Segment Open

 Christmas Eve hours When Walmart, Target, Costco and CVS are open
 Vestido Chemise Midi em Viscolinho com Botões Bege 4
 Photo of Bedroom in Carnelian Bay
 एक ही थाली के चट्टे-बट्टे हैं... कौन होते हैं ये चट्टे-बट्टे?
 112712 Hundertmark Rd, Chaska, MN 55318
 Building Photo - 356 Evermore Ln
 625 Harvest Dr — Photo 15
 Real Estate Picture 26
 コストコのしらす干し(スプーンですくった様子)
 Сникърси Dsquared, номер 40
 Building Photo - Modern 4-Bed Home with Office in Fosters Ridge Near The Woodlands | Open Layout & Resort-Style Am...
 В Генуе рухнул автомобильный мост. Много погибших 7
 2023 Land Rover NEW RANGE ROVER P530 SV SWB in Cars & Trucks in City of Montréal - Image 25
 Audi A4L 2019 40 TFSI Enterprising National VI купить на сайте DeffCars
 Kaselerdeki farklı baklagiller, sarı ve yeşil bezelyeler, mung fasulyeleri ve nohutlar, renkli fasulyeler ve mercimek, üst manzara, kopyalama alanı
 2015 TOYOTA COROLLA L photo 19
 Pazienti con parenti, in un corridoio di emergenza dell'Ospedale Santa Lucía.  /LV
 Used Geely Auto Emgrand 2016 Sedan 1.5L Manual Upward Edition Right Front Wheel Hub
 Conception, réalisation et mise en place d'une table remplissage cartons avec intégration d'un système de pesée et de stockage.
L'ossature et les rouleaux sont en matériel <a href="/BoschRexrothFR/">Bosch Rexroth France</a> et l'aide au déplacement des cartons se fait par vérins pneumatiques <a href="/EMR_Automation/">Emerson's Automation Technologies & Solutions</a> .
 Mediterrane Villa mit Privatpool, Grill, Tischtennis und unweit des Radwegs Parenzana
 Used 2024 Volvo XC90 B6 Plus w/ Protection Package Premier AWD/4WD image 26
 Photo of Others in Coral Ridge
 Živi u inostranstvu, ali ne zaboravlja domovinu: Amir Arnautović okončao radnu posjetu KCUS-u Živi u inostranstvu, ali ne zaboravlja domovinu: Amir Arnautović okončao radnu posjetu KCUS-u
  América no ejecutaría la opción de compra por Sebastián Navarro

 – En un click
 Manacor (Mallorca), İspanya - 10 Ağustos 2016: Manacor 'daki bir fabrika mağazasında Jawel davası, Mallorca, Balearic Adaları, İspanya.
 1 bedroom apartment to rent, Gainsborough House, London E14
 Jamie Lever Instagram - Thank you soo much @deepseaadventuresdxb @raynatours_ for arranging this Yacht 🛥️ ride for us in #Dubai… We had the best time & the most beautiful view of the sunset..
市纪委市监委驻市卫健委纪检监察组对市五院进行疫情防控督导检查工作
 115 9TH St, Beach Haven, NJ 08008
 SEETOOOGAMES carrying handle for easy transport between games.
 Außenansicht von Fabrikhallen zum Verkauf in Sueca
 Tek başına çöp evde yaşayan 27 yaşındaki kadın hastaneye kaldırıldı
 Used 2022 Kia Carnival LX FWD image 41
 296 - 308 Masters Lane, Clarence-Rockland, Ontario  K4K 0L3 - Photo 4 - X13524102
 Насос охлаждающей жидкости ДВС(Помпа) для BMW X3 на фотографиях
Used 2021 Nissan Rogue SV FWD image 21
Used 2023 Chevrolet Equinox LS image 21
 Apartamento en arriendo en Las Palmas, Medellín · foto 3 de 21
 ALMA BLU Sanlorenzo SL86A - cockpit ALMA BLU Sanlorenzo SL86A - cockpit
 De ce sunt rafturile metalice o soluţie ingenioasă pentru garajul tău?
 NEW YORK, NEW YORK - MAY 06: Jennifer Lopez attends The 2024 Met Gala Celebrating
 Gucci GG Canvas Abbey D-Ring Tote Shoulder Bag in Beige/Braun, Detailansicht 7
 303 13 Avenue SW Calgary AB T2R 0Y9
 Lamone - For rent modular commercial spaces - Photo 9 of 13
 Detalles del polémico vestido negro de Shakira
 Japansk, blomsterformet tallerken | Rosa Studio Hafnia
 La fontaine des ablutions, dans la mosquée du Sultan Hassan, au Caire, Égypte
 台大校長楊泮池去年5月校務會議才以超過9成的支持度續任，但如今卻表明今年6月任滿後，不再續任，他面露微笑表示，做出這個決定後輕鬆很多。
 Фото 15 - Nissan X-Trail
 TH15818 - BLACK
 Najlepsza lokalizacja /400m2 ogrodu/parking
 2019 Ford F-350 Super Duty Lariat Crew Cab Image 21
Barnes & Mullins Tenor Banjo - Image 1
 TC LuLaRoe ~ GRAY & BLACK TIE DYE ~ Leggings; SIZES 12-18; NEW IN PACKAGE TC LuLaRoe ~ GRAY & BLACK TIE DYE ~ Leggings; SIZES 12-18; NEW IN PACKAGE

Segment Closed

Please, from the entries above, set down exactly the lines from the one containing "В Генуе рухнул" through the one containing "Conception, réalisation et", and only those.

**Result of this task:**
 В Генуе рухнул автомобильный мост. Много погибших 7
 2023 Land Rover NEW RANGE ROVER P530 SV SWB in Cars & Trucks in City of Montréal - Image 25
 Audi A4L 2019 40 TFSI Enterprising National VI купить на сайте DeffCars
 Kaselerdeki farklı baklagiller, sarı ve yeşil bezelyeler, mung fasulyeleri ve nohutlar, renkli fasulyeler ve mercimek, üst manzara, kopyalama alanı
 2015 TOYOTA COROLLA L photo 19
 Pazienti con parenti, in un corridoio di emergenza dell'Ospedale Santa Lucía.  /LV
 Used Geely Auto Emgrand 2016 Sedan 1.5L Manual Upward Edition Right Front Wheel Hub
 Conception, réalisation et mise en place d'une table remplissage cartons avec intégration d'un système de pesée et de stockage.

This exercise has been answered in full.